The sewing machine 1 may display all of the surplus image included in the first data on the display portion 15, and may display a rectangular image representing the sewable area 45 in a superimposed manner on the surplus image. In other words, the extraction processing by the sewing machine 1 to extract the target object image from the surplus image need not necessarily be performed.

The first reference point 111 only may be included in the reference marker 110, and the second reference point 112 need not necessarily be included. In this case, the sewing machine 1 may decide only the positional deviation between the inner frame 55 and the outer frame 56 on the basis of the movement amount of the embroidery frame 53 in order to align the first reference point 111 with the notification position notified by the notification portion 77. Further, a plurality of the reference markers 110 each including only the first reference point 111 may be adhered to the sewing object 5. In this case, the positional deviation and the rotational deviation between the inner frame 55 and the outer frame 56 may be decided on the basis of the first reference points 111 of each of the reference markers 110.

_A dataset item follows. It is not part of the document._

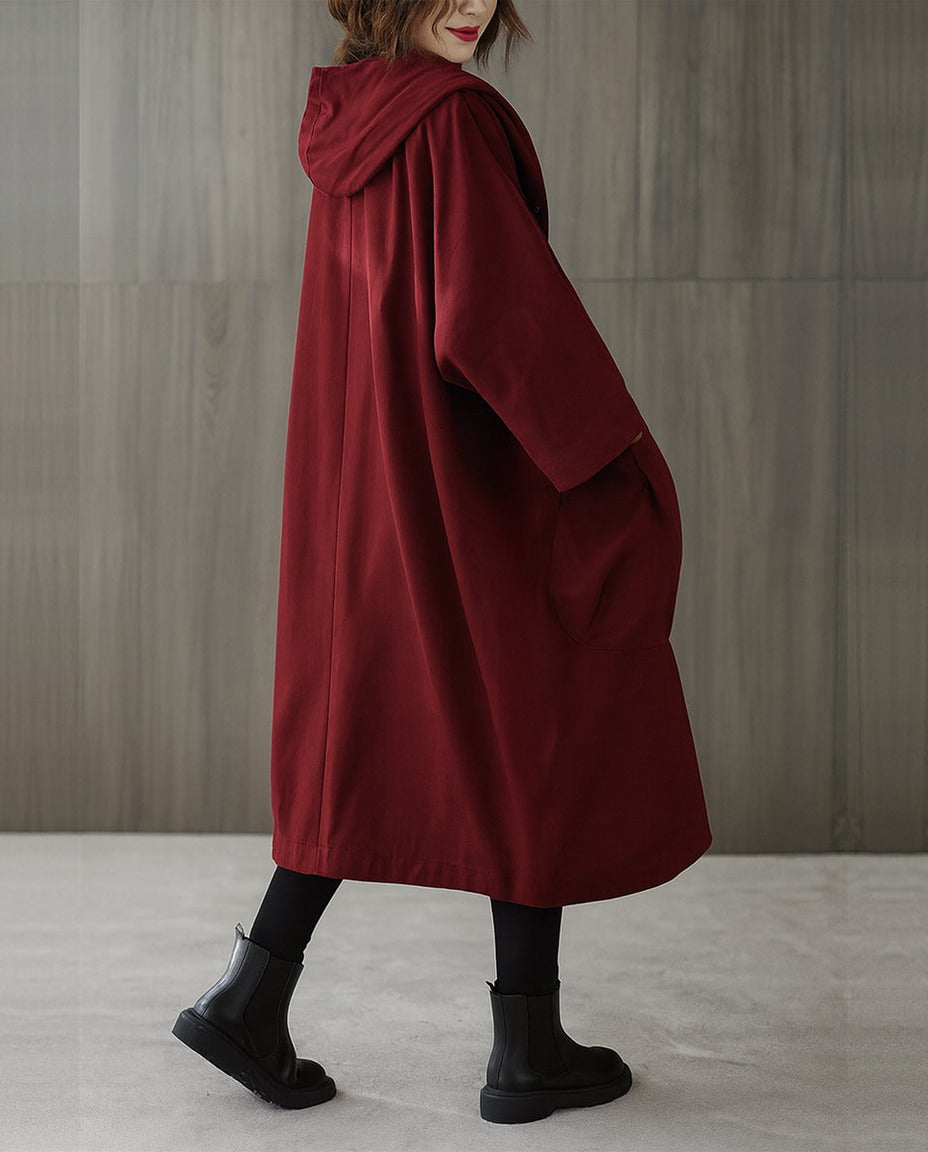 Bordeauxrode oversized regenjas met capuchon, gedragen door vrouw met laarzen | Boutique Moda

The mobile terminal 3 may be provided with an acceleration sensor. The mobile terminal 3 may identify the inclination of the optical axis of the camera 136 with respect to the sewing surface of the embroidery frame 53 that is arranged horizontally, using the acceleration sensor. The mobile terminal 3 may capture the image of the camera 136 when it is determined, using the acceleration sensor, that the inclination of the optical axis of the camera 136 with respect the sewing surface of the embroidery frame 53 is equal to or less than the given angle.

The mobile terminal 3 may transmit, to the sewing machine 1, the first data or the second data that includes flag information indicating the operating mode. When the sewing machine 1 has received the first data or the second data, the sewing machine 1 may determine whether the data is the first data or the second data on the basis of the flag information. In this case, the first reference point coordinate data and the second reference point coordinate data may be included in the second data.

A part or all of the first main processing may be performed by the CPU 61 of the sewing machine 1. In this case, the sewing machine 1 may be provided with a camera, for example, and may identify the coordinate data of the first reference point 111 and the second reference point 112 from the reference marker 110 adhered to the sewing object 5 by capturing the embroidery frame 53 mounted to the embroidery device 2. Further, for example, the mobile terminal 3 may transmit, to the sewing machine 1, the image captured by the camera 136 as it is. The sewing machine 1 may identify the first reference point coordinate data and the second reference point coordinate data on the basis of the image received from the mobile terminal 3. Furthermore, the sewing machine 1 may correct the image on the basis of the coordinate data of the frame markers 150.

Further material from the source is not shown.